One programmer, termed as the driver, has control of the keyboard/mouse and actively implements the code or writes a test. The other programmer, termed as the navigator, continuously observes the work of the driver to identify defects and also thinks strategically about the direction of the work.

When necessary, the two programmers brainstorm on any challenging problem. The two programmers periodically switch roles and work together as equals to develop a software.

Pair Programming – Advantages

The significant advantages of Pair Programming are −

  • Many mistakes are detected at the time they are typed, rather than in QA Testing or in the field.

  • The end defect content is statistically lower.

  • The designs are better and code length shorter.

  • The team solves problems faster.

  • People learn significantly more about the system and about software development.

  • The project ends up with multiple people understanding each piece of the system.

  • People learn to work together and talk more often together, giving better information flow and team dynamics.

  • People enjoy their work more.

Pair Programming Experiments

Use of pair programming practice has been demonstrated to improve the productivity and quality of software products.

Pair Programming research reveals that −

  • Pairs use no more man-hours than singles.

  • Pairs create fewer defects.

  • Pairs create fewer lines of code.

  • Pairs enjoy their work more.

University of Utah conducted experiments on pair programming.

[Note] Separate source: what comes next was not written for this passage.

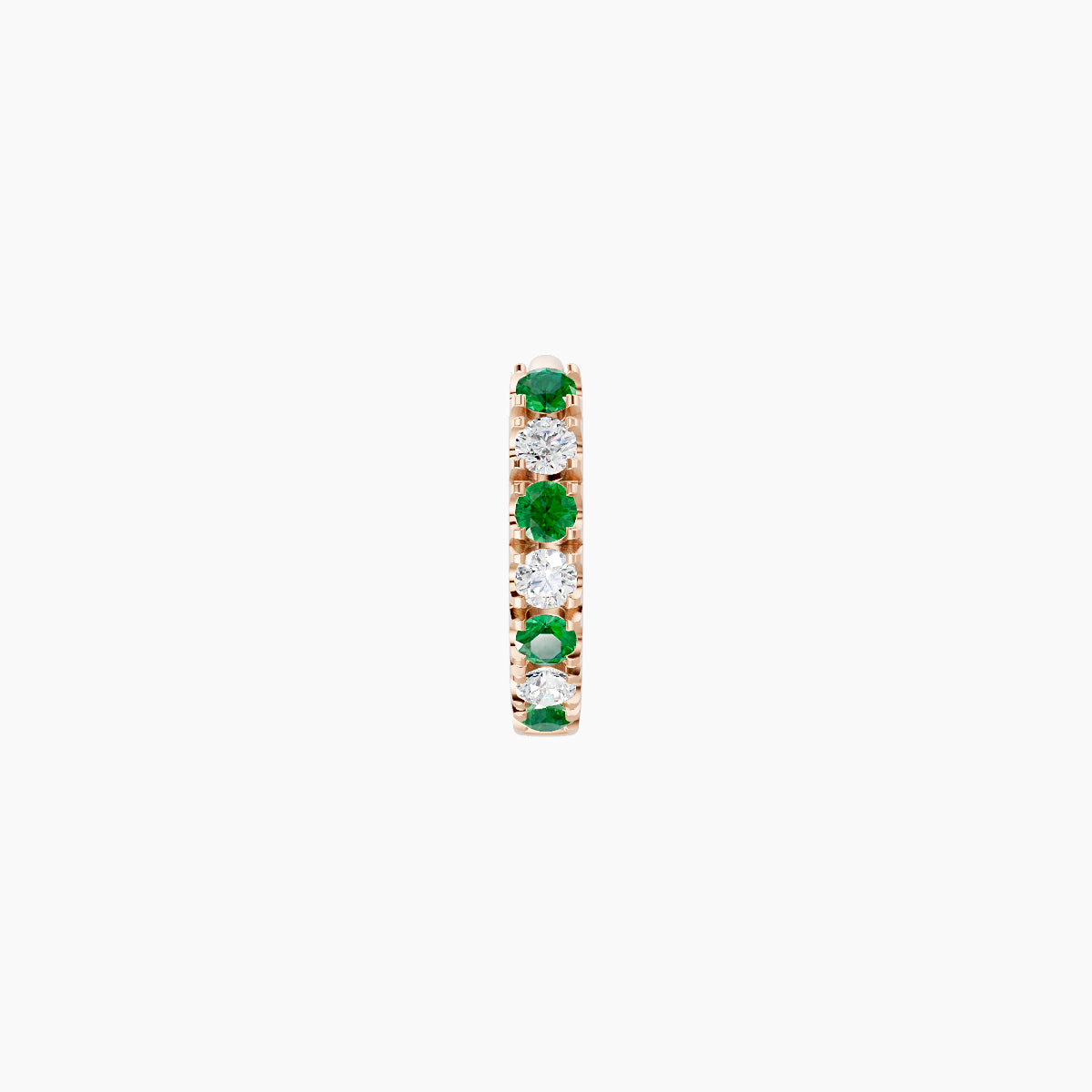 Terra | 18k Rose Gold 5 mm Emerald & Diamond Hoop Piercing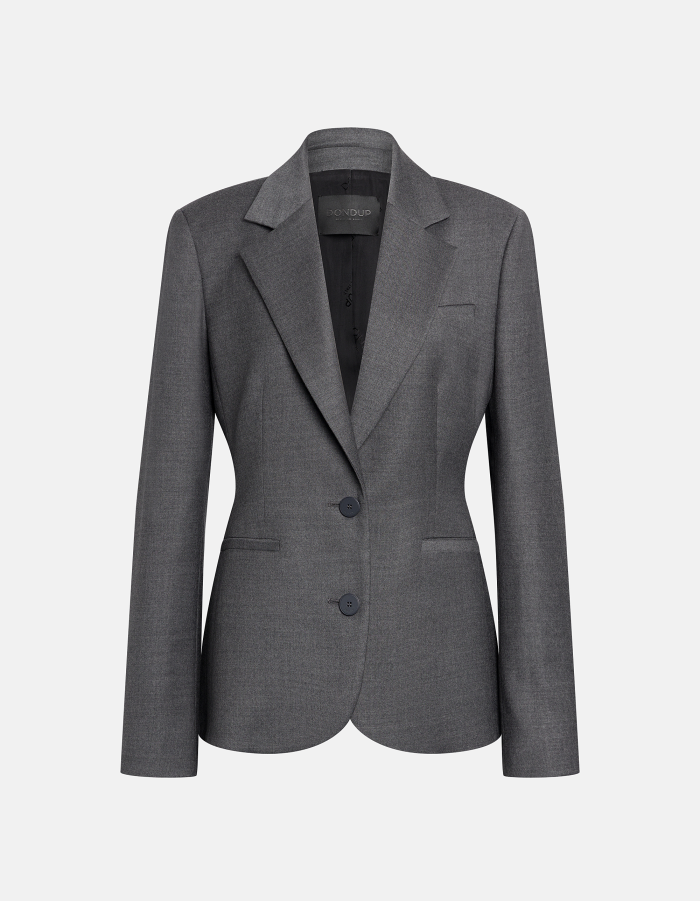 Slim-fit single-breasted flannel blazer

The results revealed that −

  • Pairs spent 15% more time on the program than individuals.

  • Code written by pairs consistently passed more test cases than code written by individuals.

  • Pairs consistently implemented the same functionality produced by individuals in fewer lines of code.

  • Learning how to program in an environment where there are rapidly tangible results is fun and allows one to learn faster.

Adapting to Pair Programming

Most programmers are used to solitary work and often resist the transition to pair programming. However, with practice they can ultimately make this transition.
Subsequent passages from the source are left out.